Collected data

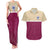 Queensland Samoa Custom Couples Matching Tank Maxi Dress and Hawaiian Shirt Maroon Pacific Polynesian Tribal Pattern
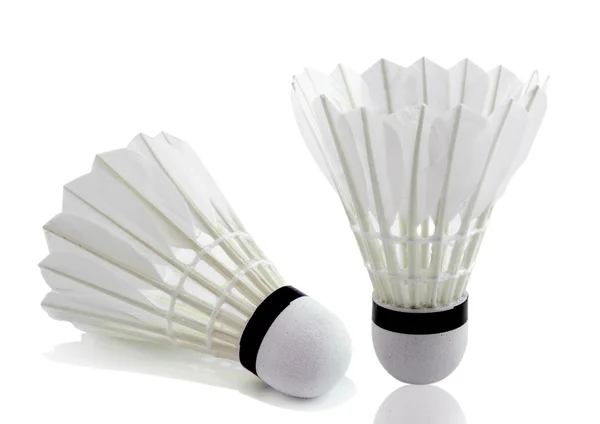 Badminton sur fond blanc — Photo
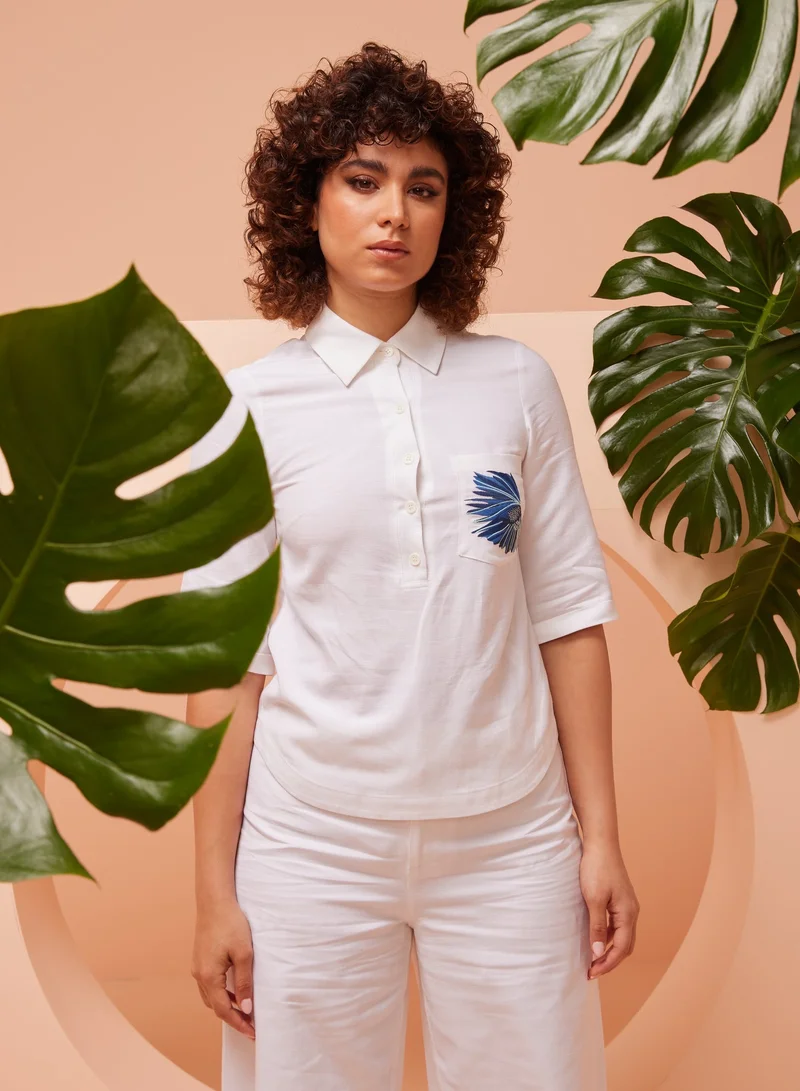 Ashita Fernandes  Embroidered Pocket Detail Cotton Polo Shirt for Women | Best Price UAE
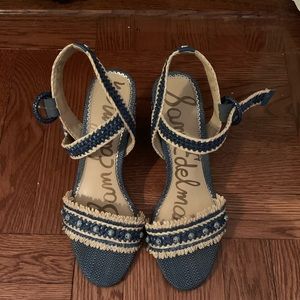 Sam Edelman Blue Crochet Block Heel Sandal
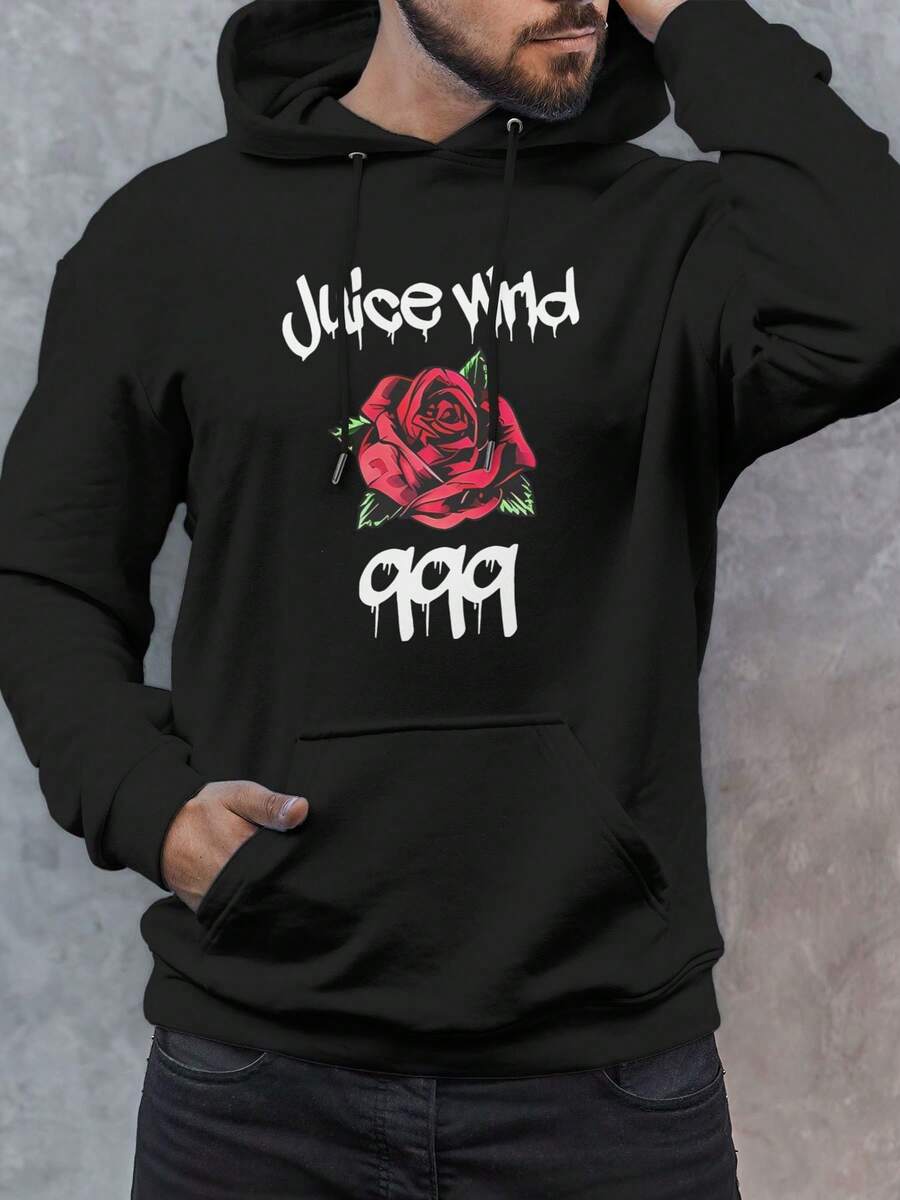 Juice 999 Print Hoodie, Comfortable For Errands, Lounging, Outdoor Fun. Ideal For Casual Days, Quick Trips, Or Relaxing At Home, With A Lively Print That Adds A Nice Touch To Your Look. - màu đen - Xem 1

→ INSTRUCTIONS FOR THE TASK
The expected answer is an exact copy of the lines from the one containing "Sam Edelman Blue Crochet Block Heel Sandal" through the last line of the entries above, both included, without pictures.

→ YOUR SOLUTION
 Sam Edelman Blue Crochet Block Heel Sandal
 Juice 999 Print Hoodie, Comfortable For Errands, Lounging, Outdoor Fun. Ideal For Casual Days, Quick Trips, Or Relaxing At Home, With A Lively Print That Adds A Nice Touch To Your Look. - màu đen - Xem 1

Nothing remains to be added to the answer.